On the other hand, if it is determined at the step S105 that a performance has not
been changed, there is no treatment to be effected at the step S106.
[0064] Subsequently, at a step S107 it is determined whether the frequency band of a passing
frequency component has been changed by operating one of the operating switches 18
- 20. If an answer is YES, the frequency band of the passing frequency component is
set at a step S108. If an answer is NO, there is no treatment to be effected at the
step S108.
[0065] Then, at the step S109, it is determined whether any one of the magnification buttons
21 - 26 or the adjusting knob 30 has been operated. If an answer is YES, the program
goes to a step S110 at which BPM (Beats Per Minute) and a beat period are stored and
indicated on the BPM indicator 11 and T
BPM indicator 12. On the other hand, if it is determined neither magnification buttons
21 - 26 nor the adjusting knob 30 has been operated, there would be no treatment to
be effected at the step S110.
[0066] Then, at a step S111 it is determined whether the start switch 29 has been set in
its ON state.
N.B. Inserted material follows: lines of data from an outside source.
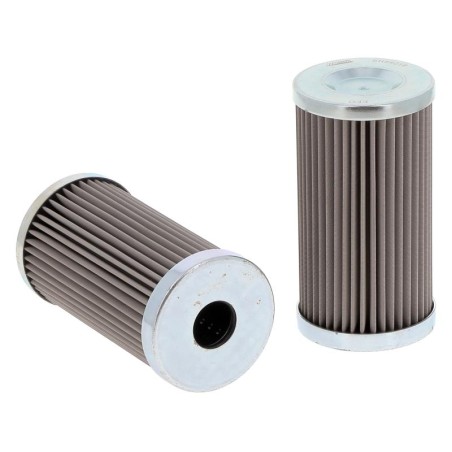 Hifi SH64016 HYDRAULIC FILTER
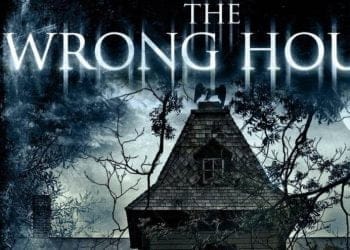 non_toccate_la_mia_casa_film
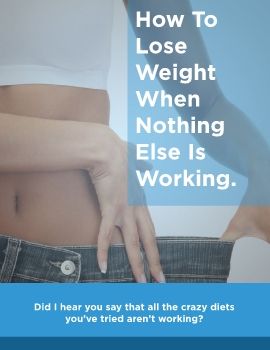 Dr. Jane weight loss prorams e-magazine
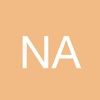 naltemose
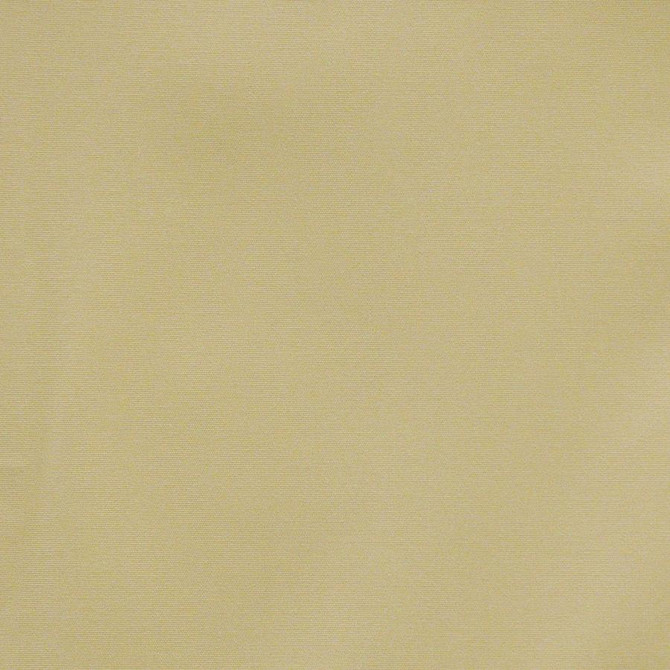 Standish # 609 Sand by Maxwell Fabric Home & Garden-Act Vi 100% OUTDURA SOLUTION-DYED ACRYLIC USA 54" - Fabric Carolina -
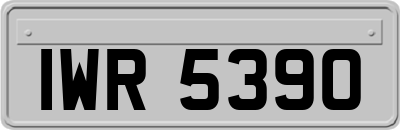 IWR5390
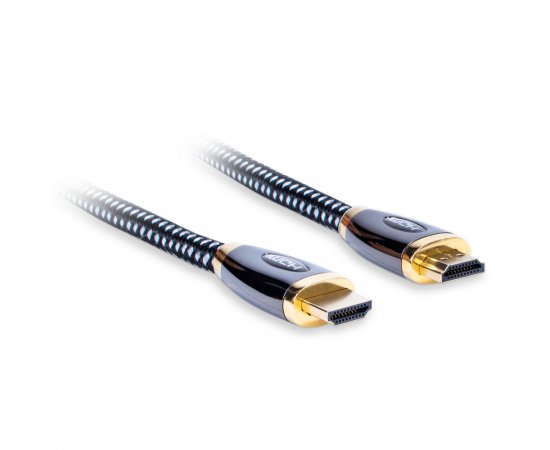 AQ PREMIUM PV10030 - HDMI - HDMI 2.0 - 3 M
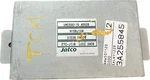 Transmission Computer Freelander 2003 2004 UHC500170A0028 1034136. Fixed Price $49.00.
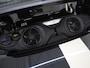 Porsche 911 4.0 GT3 Touring | Akrapovic | PPF | Sports Chrono + | Lift | Carbon | Neodyme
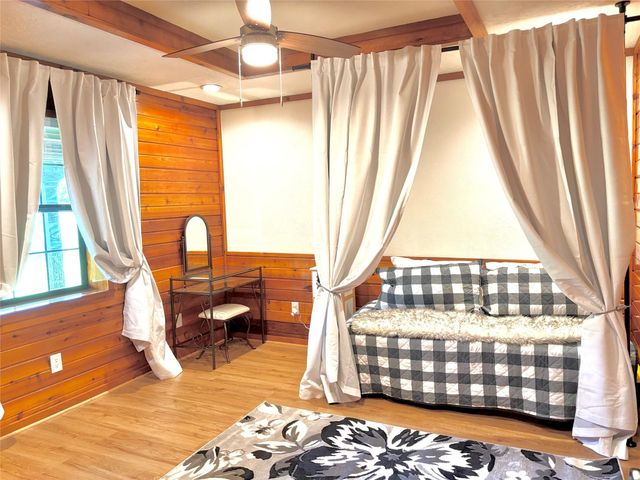 24786 Highway 73, Winnie, TX 77665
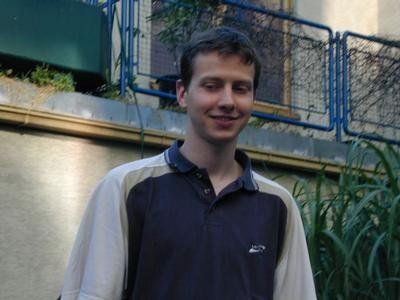 822311.jpg
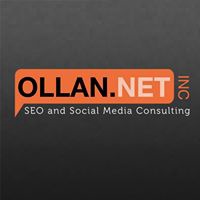 OLLAN.net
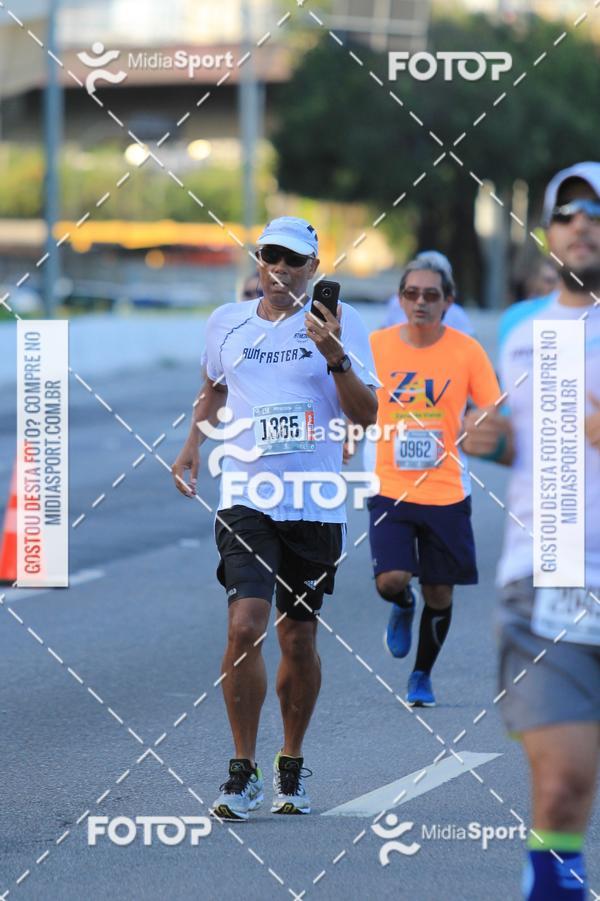 Buy your photos of the eventAthenas 15k - So Paulo on Fotop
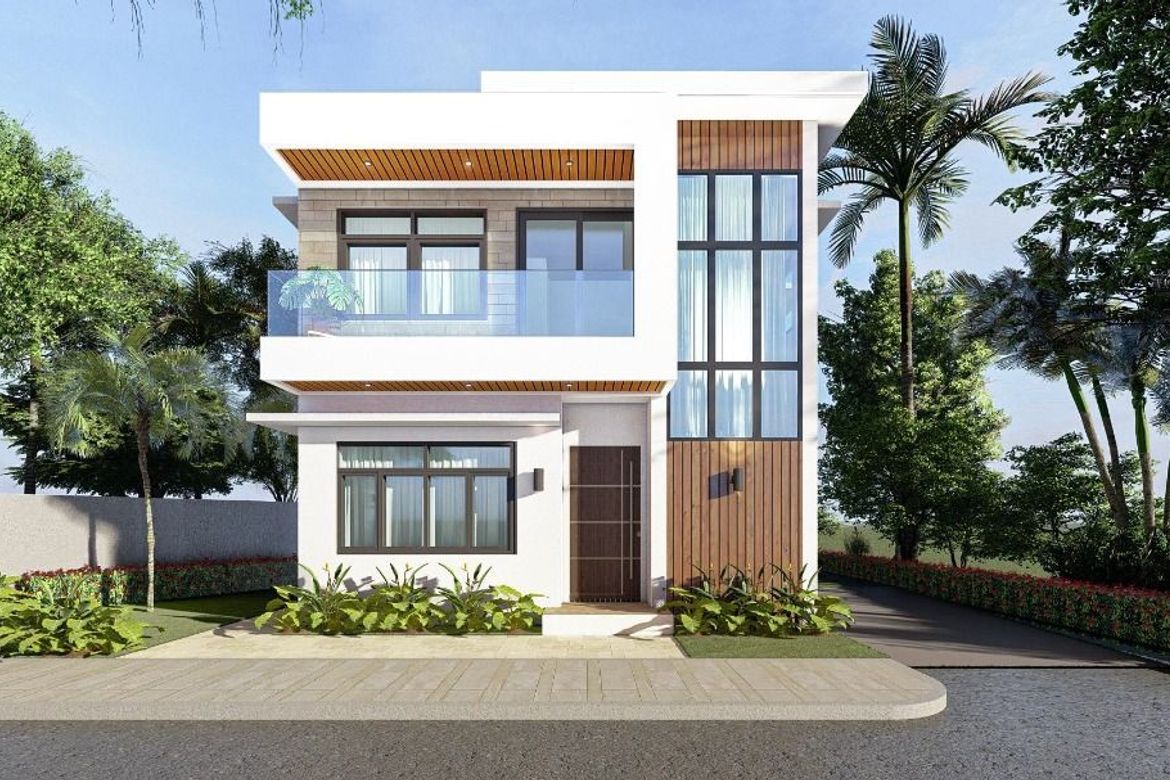 3 Bedroom House for Sale in Quipot, San Juan, Batangas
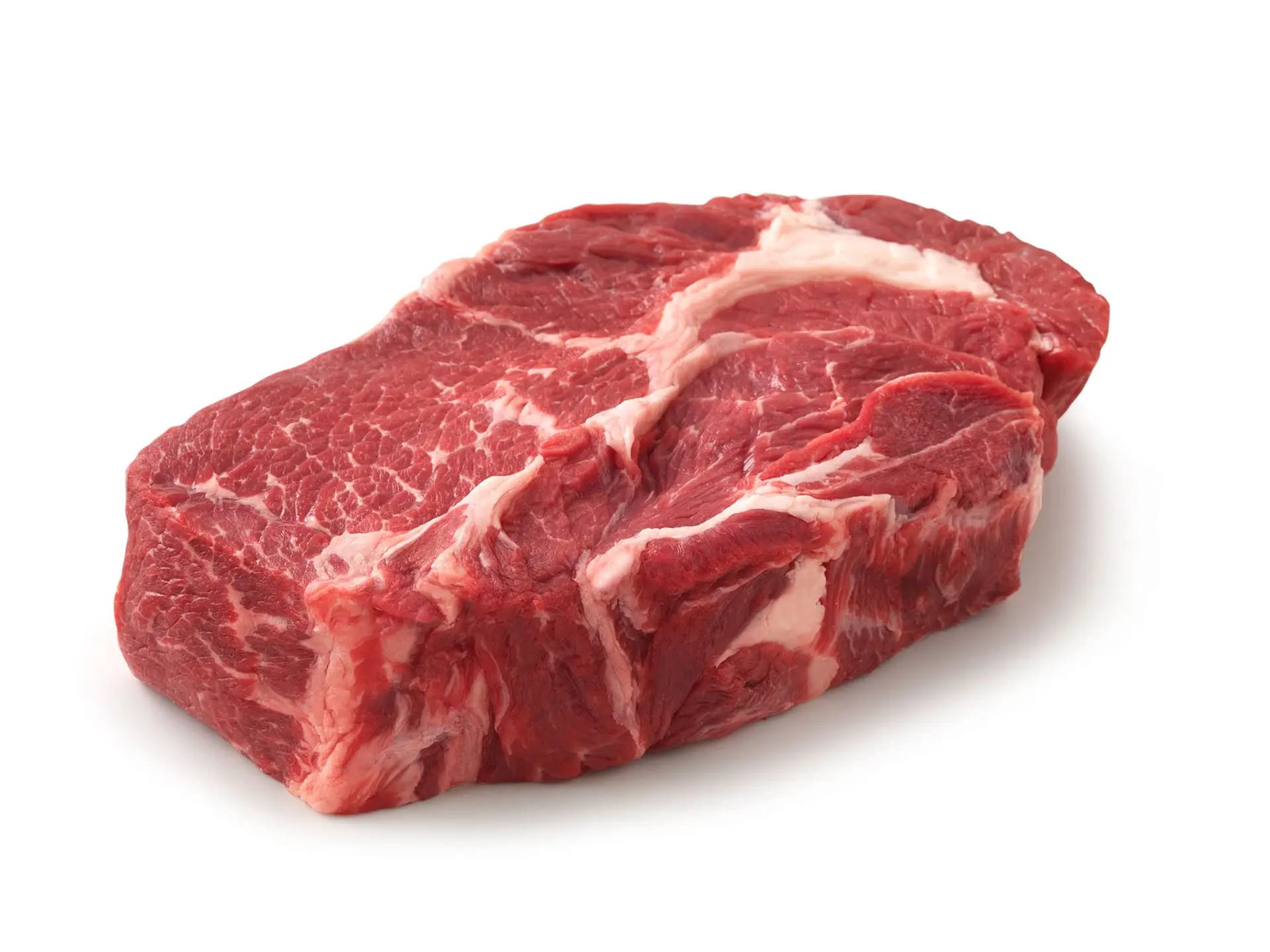 Riblap Angus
If an answer is YES, the program goes to a step S112 at which a predetermined
treatment is effected. On the other hand, if an answer is NO, there would be no treatment
to be effected. In this way, by repeating the steps S110 - S112, a desired performance
treatment may be carried out in accordance with a human operator's instruction.
[0067] In this way, with the use of the audio signal processing apparatus according to the
present invention, by only operating the magnification buttons 21 - 26, it is allowed
to easily set a desired beat period and a desired BPM (Beats Per Minute), thereby
ensuring an improved operability for the apparatus.
[0068] While the presently preferred embodiments of the this invention have been shown and
described above, it is to be understood that these disclosures are for the purpose
of illustration and that various changes and modifications may be made without departing
from the scope of the invention as set forth in the appended claims.